**Records for the task**
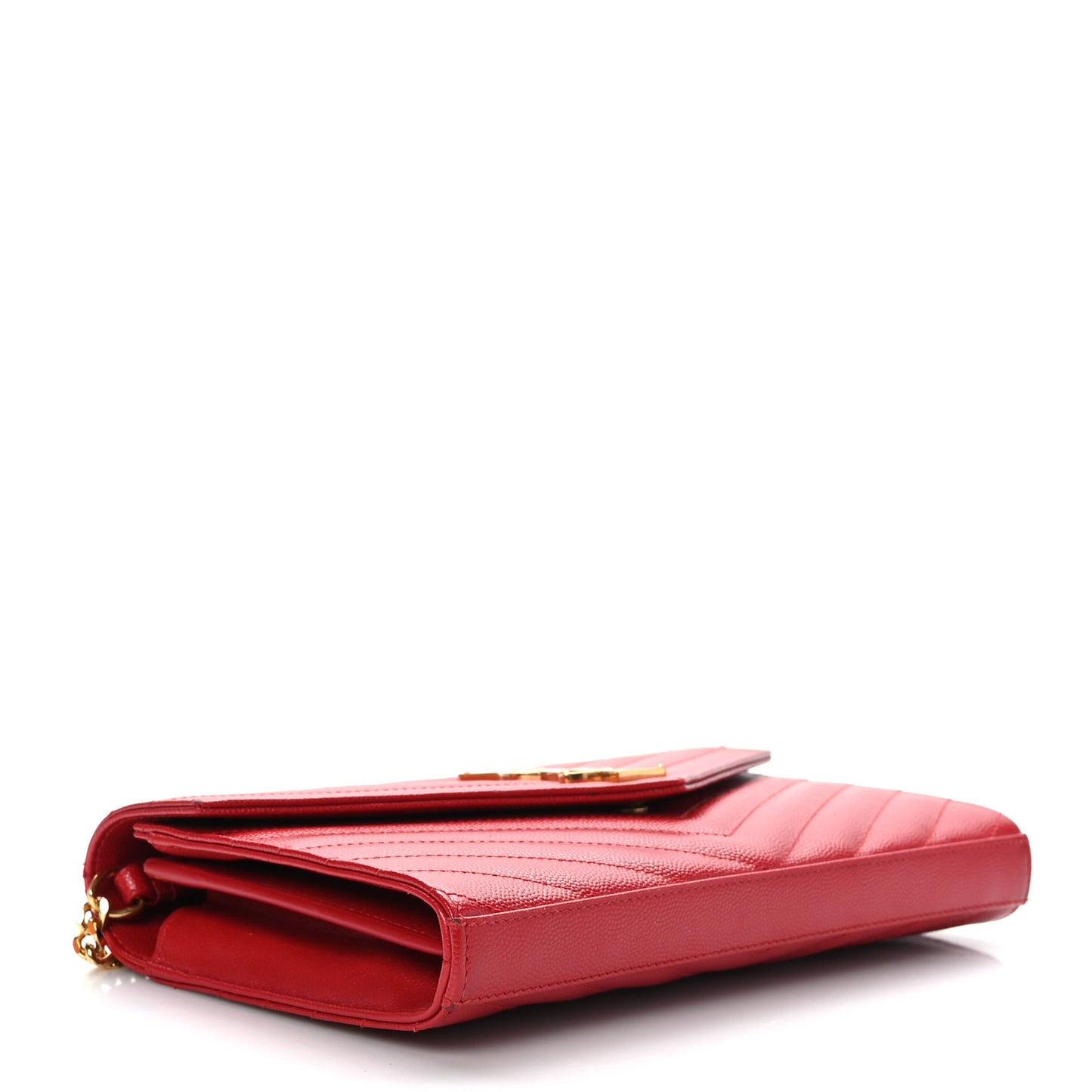 Grain De Poudre Matelasse Chevron Monogram Chain Wallet New Red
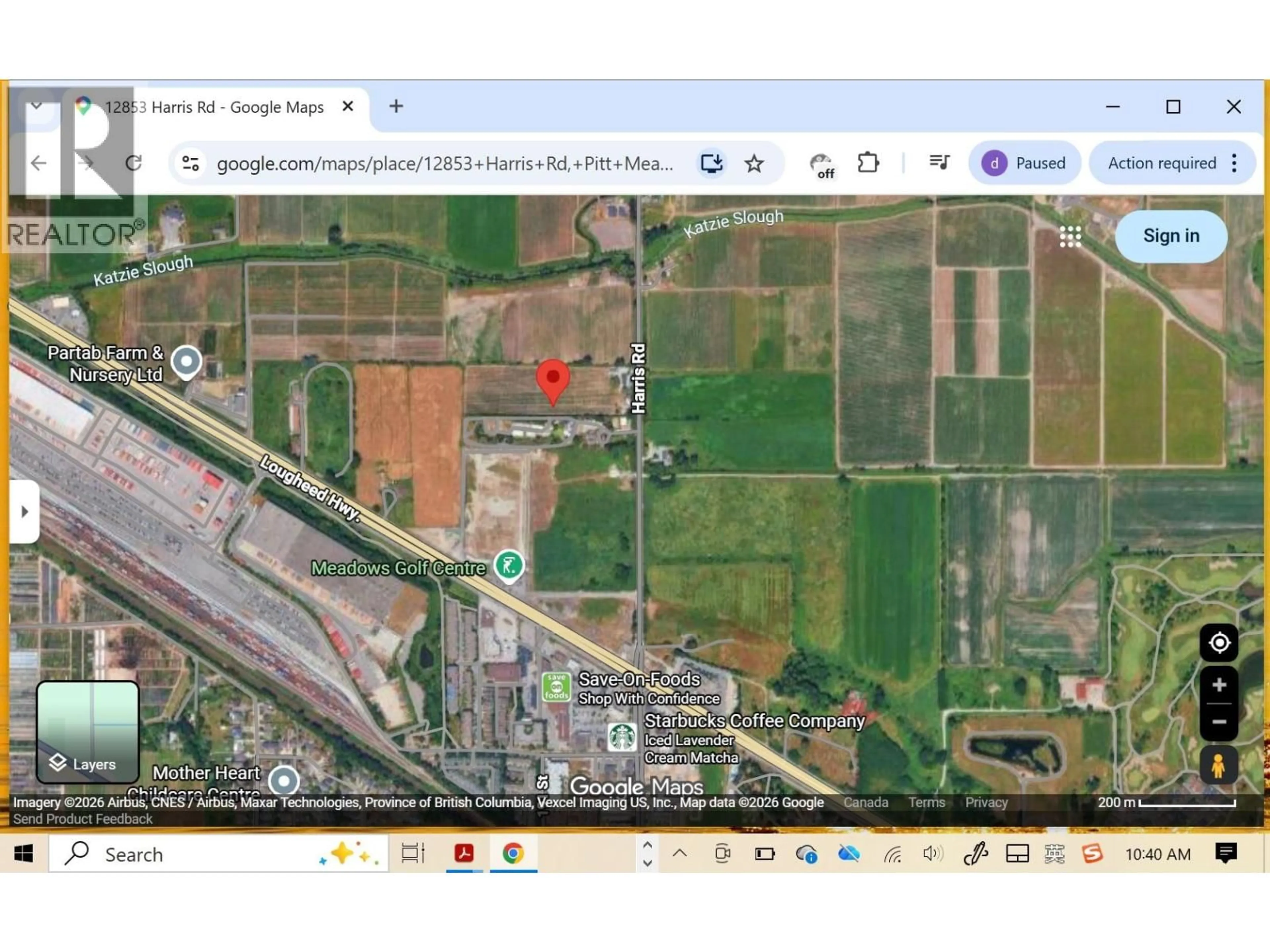 Picture of a map for 12853 HARRIS ROAD, Pitt Meadows British Columbia V3Y2S1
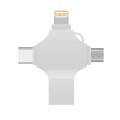 Cross 4 in 1 32GB 8 Pin + Micro USB + USB-C / Type-C + USB 3.0 Metal Flash Disk(Silver)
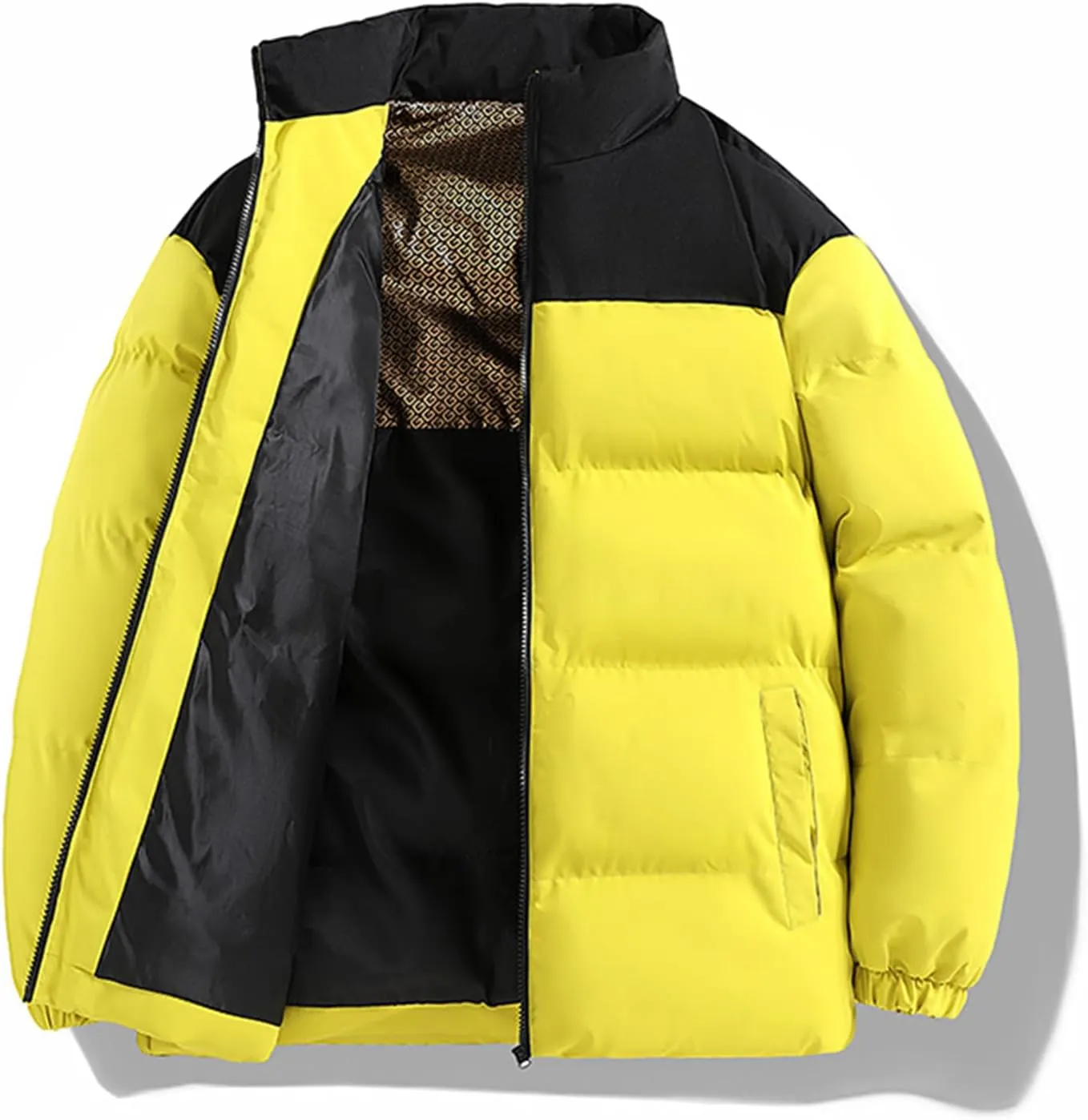 Mens Winter Jacket Thicken Puffer Jacket Down Jacket for Men Full Zip Puffy Jackets Quilted Insulated Jacket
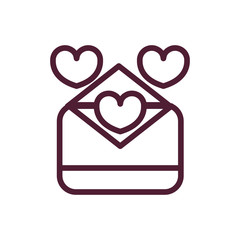 happy valentines day envelope hearts mail love romantic feeling icon thick line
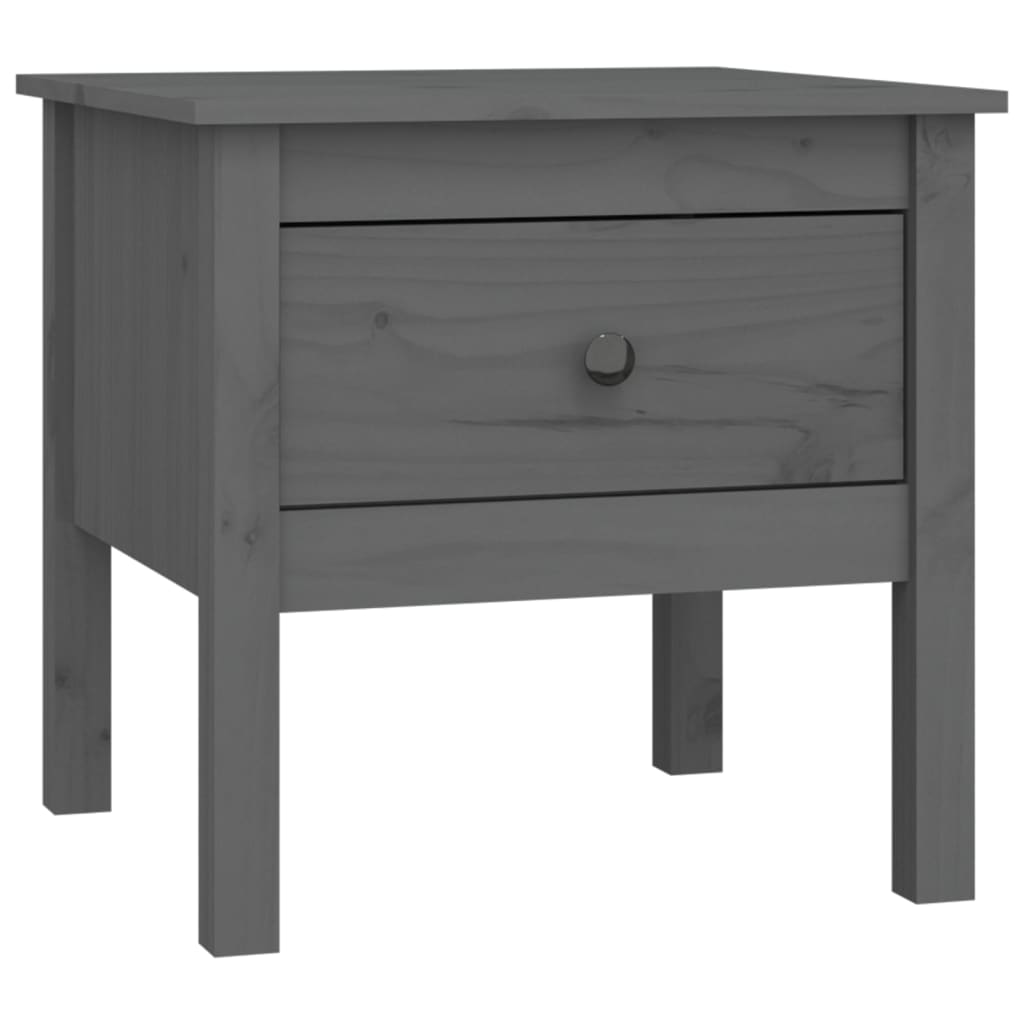 sidebord 50x50x49 cm massivt fyrretræ grå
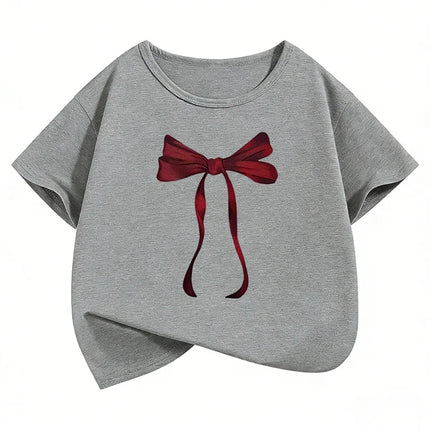 Y2k Red Bow Design Printed Funny T Shirts Graphic Kids Short Sleeve T-shirt Boys Girls Summer Spring Casual Top Tee Shirt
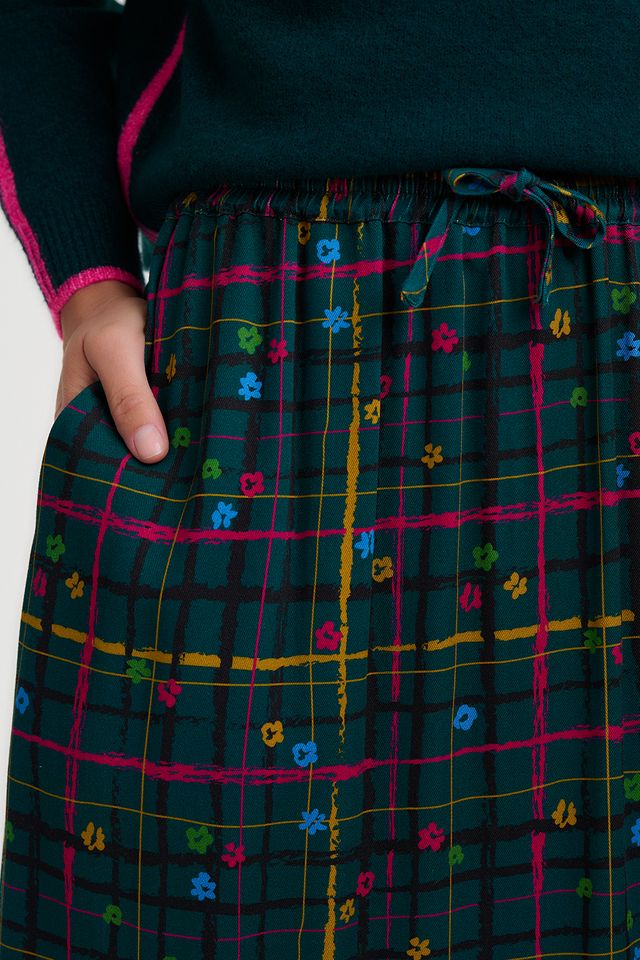 Sugarhill Brighton, Melody Midi Skirt, Teal Green Doodle Check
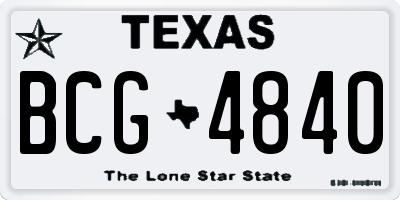 TX license plate BCG4840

**Exercise objective**
Exclude all pictures and reproduce verbatim the lines running from the line that contains "Y2k Red Bow" to the end of the data above, both ends included.

**Expected answer**
 Y2k Red Bow Design Printed Funny T Shirts Graphic Kids Short Sleeve T-shirt Boys Girls Summer Spring Casual Top Tee Shirt
 Sugarhill Brighton, Melody Midi Skirt, Teal Green Doodle Check
 TX license plate BCG4840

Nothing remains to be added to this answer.